[Records from a data source]
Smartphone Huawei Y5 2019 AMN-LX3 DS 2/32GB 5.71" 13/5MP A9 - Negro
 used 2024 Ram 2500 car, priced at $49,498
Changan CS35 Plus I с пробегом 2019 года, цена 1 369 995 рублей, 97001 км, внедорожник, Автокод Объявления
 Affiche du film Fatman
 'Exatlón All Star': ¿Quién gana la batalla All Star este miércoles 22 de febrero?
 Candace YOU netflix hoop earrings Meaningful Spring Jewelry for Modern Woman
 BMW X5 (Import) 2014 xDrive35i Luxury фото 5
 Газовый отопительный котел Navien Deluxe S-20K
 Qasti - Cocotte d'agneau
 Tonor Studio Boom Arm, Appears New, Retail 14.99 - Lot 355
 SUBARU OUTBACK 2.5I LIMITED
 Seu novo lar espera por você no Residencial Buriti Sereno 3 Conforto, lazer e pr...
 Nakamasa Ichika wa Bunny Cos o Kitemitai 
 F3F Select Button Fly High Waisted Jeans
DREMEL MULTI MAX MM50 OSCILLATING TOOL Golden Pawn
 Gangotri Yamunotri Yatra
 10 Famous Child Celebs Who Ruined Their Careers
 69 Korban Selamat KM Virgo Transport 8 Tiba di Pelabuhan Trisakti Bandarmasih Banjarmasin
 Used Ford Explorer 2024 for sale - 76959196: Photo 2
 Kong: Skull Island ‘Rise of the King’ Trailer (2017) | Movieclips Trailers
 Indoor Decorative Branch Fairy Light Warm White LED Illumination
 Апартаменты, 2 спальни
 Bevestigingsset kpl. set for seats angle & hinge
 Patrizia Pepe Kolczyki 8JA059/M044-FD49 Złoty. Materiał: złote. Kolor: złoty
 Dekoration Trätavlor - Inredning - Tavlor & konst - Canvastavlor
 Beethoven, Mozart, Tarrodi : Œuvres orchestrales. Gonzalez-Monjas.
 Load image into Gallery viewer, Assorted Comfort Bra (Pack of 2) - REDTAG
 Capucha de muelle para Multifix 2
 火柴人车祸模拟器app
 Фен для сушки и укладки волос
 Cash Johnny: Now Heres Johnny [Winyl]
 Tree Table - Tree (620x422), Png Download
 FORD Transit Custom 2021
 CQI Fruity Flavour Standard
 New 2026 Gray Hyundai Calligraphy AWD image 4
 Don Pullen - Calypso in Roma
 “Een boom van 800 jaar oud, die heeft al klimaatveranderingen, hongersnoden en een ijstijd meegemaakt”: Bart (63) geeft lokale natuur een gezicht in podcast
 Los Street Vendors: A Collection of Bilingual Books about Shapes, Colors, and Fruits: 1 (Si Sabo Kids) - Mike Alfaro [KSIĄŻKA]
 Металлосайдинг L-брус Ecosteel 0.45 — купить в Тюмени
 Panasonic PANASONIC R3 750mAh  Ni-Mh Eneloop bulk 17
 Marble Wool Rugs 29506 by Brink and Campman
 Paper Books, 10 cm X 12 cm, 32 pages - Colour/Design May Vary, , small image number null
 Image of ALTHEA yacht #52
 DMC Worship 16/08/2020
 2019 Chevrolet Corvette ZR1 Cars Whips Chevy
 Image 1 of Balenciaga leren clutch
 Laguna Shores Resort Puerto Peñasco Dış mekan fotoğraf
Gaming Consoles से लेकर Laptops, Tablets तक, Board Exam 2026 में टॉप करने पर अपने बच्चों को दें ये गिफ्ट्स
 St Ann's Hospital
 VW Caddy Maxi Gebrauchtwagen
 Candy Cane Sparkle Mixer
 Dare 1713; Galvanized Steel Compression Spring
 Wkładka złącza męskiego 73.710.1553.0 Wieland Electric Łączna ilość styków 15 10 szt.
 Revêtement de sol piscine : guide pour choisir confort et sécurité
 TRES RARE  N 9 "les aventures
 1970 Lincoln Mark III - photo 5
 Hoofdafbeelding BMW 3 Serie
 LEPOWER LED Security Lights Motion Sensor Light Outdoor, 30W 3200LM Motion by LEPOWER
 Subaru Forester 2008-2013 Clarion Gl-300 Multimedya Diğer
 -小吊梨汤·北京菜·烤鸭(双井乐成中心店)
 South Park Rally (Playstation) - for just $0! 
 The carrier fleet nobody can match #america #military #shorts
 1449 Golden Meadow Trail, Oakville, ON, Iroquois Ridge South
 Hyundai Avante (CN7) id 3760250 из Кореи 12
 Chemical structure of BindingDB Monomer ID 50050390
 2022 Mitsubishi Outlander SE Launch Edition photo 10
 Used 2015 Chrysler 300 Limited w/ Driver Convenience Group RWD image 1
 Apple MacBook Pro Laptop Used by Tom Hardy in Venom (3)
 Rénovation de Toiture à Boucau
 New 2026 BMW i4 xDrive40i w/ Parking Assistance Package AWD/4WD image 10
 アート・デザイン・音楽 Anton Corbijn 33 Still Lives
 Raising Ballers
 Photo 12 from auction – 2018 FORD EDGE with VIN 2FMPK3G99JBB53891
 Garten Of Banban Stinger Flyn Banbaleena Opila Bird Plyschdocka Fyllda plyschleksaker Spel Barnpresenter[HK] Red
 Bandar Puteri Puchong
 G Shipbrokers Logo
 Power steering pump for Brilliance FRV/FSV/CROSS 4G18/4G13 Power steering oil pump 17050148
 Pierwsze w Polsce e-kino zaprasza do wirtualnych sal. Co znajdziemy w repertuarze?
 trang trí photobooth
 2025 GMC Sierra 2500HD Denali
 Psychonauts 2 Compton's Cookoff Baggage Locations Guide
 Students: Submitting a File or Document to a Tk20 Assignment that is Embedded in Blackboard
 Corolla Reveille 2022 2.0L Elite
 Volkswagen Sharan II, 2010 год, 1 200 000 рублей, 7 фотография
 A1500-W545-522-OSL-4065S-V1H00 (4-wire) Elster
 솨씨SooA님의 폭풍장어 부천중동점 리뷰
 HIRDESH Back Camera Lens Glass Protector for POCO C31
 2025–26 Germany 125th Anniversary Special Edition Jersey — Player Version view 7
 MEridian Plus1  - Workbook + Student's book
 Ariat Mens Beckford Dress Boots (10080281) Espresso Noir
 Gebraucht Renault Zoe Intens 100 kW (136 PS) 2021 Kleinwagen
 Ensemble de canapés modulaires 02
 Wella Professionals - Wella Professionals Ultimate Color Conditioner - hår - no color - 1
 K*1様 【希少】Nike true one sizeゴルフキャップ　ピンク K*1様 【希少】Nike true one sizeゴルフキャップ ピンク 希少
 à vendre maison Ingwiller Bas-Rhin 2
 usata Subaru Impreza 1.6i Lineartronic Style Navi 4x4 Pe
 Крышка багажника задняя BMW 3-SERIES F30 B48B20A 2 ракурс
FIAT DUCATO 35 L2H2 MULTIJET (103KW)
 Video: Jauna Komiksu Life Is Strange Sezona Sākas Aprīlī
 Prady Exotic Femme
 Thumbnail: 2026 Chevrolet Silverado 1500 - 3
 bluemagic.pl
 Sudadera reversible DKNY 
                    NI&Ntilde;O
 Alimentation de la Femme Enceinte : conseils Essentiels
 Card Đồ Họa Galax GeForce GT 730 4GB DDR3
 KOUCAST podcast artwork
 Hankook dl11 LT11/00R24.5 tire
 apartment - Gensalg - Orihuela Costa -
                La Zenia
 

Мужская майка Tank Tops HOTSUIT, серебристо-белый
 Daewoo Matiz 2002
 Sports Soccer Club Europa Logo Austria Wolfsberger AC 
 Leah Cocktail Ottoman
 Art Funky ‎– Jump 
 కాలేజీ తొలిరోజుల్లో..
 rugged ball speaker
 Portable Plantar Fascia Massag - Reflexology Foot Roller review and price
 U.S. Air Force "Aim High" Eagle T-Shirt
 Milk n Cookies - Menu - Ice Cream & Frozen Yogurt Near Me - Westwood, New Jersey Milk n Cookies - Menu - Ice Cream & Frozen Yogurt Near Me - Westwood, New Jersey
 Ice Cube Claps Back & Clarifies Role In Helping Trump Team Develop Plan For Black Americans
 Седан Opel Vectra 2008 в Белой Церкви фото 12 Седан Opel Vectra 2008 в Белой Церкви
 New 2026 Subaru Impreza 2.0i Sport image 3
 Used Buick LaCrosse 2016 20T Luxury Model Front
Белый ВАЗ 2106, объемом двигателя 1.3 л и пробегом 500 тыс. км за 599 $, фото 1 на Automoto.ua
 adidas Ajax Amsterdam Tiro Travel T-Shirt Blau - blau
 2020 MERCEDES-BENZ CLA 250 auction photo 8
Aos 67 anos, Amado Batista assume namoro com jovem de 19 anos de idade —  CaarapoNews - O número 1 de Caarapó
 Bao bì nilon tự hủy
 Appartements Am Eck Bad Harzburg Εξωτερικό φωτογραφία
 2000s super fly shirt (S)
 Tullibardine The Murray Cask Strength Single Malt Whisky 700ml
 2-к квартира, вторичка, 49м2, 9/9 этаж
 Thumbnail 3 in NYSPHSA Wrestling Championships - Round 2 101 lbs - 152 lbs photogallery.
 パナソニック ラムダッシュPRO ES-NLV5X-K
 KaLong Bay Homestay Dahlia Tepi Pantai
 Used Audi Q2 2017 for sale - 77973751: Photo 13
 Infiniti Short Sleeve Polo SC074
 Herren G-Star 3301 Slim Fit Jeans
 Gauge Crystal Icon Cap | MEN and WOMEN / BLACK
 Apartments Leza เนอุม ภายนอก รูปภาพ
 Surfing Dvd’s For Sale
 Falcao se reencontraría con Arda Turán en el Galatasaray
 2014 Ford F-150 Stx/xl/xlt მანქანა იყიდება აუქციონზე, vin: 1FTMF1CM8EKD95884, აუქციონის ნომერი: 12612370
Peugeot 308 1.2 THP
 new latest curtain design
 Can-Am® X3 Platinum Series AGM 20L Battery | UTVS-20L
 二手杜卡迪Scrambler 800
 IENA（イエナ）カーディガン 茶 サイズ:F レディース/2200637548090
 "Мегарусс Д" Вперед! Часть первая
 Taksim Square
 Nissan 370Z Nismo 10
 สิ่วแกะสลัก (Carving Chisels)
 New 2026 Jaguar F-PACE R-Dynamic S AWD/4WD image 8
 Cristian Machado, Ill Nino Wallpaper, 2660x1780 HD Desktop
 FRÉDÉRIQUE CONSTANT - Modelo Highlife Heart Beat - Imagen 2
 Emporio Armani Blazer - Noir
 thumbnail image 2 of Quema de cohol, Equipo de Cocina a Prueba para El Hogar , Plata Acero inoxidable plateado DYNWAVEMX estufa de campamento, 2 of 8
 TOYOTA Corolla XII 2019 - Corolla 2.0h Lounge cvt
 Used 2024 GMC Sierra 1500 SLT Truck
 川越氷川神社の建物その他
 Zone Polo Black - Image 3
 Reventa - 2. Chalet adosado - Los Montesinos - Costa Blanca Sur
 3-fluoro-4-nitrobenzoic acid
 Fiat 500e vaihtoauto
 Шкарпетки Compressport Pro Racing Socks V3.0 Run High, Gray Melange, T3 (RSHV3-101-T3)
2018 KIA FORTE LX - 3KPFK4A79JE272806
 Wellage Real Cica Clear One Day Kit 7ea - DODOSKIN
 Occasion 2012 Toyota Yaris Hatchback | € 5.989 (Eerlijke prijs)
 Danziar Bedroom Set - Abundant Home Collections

■ **TASK DESCRIPTION**:
Of all the entries above, retype exactly the lines from the line with "usata Subaru Impreza" to the line with "NI&Ntilde;O", both included, and no others.

■ **RESPONSE BOX**:
 usata Subaru Impreza 1.6i Lineartronic Style Navi 4x4 Pe
 Крышка багажника задняя BMW 3-SERIES F30 B48B20A 2 ракурс
FIAT DUCATO 35 L2H2 MULTIJET (103KW)
 Video: Jauna Komiksu Life Is Strange Sezona Sākas Aprīlī
 Prady Exotic Femme
 Thumbnail: 2026 Chevrolet Silverado 1500 - 3
 bluemagic.pl
 Sudadera reversible DKNY 
                    NI&Ntilde;O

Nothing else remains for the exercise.